- Sabinas brittle hair syndrome has an autosomal recessive pattern of inheritance.

= Sabinas brittle hair syndrome =

Sabinas brittle hair syndrome, also called Sabinas syndrome or brittle hair-mental deficit syndrome, is an autosomal recessive congenital disorder affecting the integumentary system.

==Signs and symptoms==
Symptoms include brittle hair, mild mental retardation and nail dysplasia. The syndrome was first observed in Sabinas, a small community in northern Mexico.

The principal biochemical features of the illness are reduced hair cystine levels, increased copper/zinc ratio, and presence of arginosuccinic acid in the blood and urine.

The key finding is brittle hair with low sulfur content, but alternating dark and light bands under polarizing microscopy, trichoschisis, and absent or defective cuticle are additional important clues for the diagnosis of trichothiodystrophy. Review of literature reveals extensive associated findings in trichothiodystrophy. Amino acid analyses of control hair when compared with those of patients with the Sabinas syndrome showed very striking differences with regard to content of sulphur amino acids. As in previous descriptions of amino acid abnormalities in the trichorrhexis nodosa of arginosuccinicaciduria, there were increases in lysine, aspartic acid, alanine, leucine, isoleucine, and tyrosine.

Trichothiodystrophy represents a central pathologic feature of a specific hair dysplasia associated with several disorders in organs derived from ectoderm and neuroectoderm. Trichothiodystrophy or TTD is a heterogeneous group of autosomal recessive disorders, characterized by abnormally sulfur deficient brittle hair and accompanied by ichthyosis and other manifestations.
Patients with trichothiodystrophy should have a thorough evaluation for other associated manifestations, including investigation of photosensitivity and DNA repair defects. Because the disease appears to be inherited in an autosomal recessive pattern, detection of low-sulfur brittle hair syndrome is also important for genetic counseling.

==Genetics==
Sabinas brittle hair syndrome is inherited as an autosomal recessive genetic trait.

In a study by Howell et al. patients were located and studied by means of complete histories and physical examinations, analyses of serum trace metals, ceruloplasmin concentration, urine and serum amino acids, and routine metabolic urine screens. In addition, serum and urine luteinizing hormone (LH) and follicle-stimulating hormone (FSH) values were determined, and were interpreted in conjunction with total plasma estrogen, estradiol, and testosterone levels. Close examination demonstrated the scalp hairs were very brittle, coarse, wiry in texture, and broke off quite easily with mechanical trauma such as combing and brushing. Some hairs could be visualized in their follicles, which were broken off at the skin line. Most patients had accompanying hyperkeratosis (thickening of the skin) of moderate degree on exposed surfaces. Maxillary hypoplasia (midfacial retrusion) was significant in many patients. The brittle, short hair, reduced eyelashes, crowded teeth, and dull appearance created a characteristic facial appearance. Post-pubertal patients had development of secondary sexual characteristics consistent with their age, except for sparse pubic escutcheons. All cases studied demonstrated some degree of mental deficiency; I.Q.'s ranged between 50 and 60. A deficiency in eye–hand coordination was also noted.

==Diagnosis==
The easiest way to test for this condition is through genetic testing.

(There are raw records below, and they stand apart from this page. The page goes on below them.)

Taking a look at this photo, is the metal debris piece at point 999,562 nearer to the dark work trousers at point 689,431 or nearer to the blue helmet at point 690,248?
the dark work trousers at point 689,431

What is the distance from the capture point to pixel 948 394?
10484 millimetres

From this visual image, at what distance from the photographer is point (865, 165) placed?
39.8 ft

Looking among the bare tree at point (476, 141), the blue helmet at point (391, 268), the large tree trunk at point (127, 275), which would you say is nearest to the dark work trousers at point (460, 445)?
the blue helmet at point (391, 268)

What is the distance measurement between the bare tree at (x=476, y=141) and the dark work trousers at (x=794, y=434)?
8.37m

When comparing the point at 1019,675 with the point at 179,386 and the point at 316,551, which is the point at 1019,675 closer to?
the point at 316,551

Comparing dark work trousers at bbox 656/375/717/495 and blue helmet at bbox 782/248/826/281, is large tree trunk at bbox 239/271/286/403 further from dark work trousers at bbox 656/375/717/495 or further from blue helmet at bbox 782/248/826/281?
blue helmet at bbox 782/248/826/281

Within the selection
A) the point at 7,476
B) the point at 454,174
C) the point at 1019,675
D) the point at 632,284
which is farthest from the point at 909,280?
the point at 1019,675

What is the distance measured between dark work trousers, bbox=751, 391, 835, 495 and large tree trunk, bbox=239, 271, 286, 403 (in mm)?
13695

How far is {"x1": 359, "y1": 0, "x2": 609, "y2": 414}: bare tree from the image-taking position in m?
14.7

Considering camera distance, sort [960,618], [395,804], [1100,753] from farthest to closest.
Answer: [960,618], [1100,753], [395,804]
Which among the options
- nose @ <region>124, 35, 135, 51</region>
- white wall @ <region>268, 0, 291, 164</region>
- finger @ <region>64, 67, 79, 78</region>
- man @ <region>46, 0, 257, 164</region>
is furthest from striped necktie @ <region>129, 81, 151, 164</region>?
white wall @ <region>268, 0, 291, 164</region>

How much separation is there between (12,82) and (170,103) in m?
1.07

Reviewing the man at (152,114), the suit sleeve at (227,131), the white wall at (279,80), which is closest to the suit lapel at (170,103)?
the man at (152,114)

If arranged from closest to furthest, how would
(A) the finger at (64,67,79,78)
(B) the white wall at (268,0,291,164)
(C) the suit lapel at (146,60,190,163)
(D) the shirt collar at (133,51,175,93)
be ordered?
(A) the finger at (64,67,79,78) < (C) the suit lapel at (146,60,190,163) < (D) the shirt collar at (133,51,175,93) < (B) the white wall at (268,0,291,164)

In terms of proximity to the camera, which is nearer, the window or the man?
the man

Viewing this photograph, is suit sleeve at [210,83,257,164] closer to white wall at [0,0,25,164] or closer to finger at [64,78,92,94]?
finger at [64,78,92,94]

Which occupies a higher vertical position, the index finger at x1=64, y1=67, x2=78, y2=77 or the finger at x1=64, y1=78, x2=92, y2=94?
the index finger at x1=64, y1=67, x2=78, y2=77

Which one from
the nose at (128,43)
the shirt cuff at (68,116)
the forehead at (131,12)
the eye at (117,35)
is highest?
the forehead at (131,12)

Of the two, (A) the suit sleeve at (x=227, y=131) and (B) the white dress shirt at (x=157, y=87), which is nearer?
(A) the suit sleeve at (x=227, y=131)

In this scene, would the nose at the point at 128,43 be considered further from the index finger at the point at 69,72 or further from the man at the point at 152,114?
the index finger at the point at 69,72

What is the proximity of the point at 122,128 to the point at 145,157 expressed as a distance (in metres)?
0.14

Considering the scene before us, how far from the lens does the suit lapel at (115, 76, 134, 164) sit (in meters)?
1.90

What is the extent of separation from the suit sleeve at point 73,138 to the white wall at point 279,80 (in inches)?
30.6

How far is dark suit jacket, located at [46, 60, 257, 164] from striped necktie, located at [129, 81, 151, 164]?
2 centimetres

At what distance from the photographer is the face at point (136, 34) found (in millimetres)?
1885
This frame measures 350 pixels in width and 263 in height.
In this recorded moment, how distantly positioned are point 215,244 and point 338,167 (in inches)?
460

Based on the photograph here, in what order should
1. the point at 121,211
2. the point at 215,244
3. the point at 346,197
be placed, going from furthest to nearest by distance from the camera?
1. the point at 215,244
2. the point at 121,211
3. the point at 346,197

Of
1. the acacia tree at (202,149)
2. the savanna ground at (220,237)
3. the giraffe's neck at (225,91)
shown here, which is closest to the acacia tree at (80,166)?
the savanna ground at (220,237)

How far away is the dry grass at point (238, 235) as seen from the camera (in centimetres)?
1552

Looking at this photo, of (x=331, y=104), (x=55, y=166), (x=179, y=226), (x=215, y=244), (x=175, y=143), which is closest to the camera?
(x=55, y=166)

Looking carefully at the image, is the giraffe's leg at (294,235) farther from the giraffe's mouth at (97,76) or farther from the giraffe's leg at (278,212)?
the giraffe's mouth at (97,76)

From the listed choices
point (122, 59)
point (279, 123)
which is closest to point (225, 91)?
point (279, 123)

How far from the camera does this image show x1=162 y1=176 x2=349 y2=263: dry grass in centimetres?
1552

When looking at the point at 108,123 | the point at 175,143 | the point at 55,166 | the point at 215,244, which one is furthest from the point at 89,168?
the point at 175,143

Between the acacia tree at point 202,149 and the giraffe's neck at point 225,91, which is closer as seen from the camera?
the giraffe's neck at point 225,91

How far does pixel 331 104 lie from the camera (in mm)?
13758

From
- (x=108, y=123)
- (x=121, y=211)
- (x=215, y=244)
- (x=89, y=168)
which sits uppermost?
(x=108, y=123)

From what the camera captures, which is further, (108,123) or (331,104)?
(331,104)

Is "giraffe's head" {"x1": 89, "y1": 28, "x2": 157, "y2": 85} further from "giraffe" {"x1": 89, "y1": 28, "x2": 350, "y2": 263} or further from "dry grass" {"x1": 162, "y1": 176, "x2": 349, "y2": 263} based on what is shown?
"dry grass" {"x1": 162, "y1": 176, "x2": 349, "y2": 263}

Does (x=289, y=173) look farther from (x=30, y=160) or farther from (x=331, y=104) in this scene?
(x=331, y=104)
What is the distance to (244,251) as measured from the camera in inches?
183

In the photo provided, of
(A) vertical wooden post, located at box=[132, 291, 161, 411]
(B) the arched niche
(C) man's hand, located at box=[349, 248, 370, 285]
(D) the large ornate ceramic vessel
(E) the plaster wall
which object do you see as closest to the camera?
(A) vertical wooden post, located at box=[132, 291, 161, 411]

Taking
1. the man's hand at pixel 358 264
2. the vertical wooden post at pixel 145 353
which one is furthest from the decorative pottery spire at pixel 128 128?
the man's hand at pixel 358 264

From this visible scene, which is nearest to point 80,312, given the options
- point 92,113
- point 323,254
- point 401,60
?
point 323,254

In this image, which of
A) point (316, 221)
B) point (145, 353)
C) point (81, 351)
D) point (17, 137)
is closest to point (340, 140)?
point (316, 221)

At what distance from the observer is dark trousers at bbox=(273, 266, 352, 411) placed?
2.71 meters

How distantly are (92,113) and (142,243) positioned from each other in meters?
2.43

Several methods can be used for genetic testing that can help identity this condition,
- Molecular genetic tests (or gene tests) study single genes or short lengths of DNA to identify mutations and variations that can help lead to a genetic disorder.
- Chromosomal genetic tests help investigate whole chromosomes or long lengths of DNA to see if there are bigger genetic changes, for example, an extra copy of a chromosome that can help cause a genetic condition.
- Biochemical genetic tests study the activity level and amount level of proteins; abnormalities in either can indicate changes to the DNA and result in a genetic disorder.

==Management==
Although there has been no conclusive evidence on medications to manage the disorder, many organizations help with several aspects on living with the chronic condition, not only for the affected but also for the loved ones around them. With services like Global Genes helping contribute to this.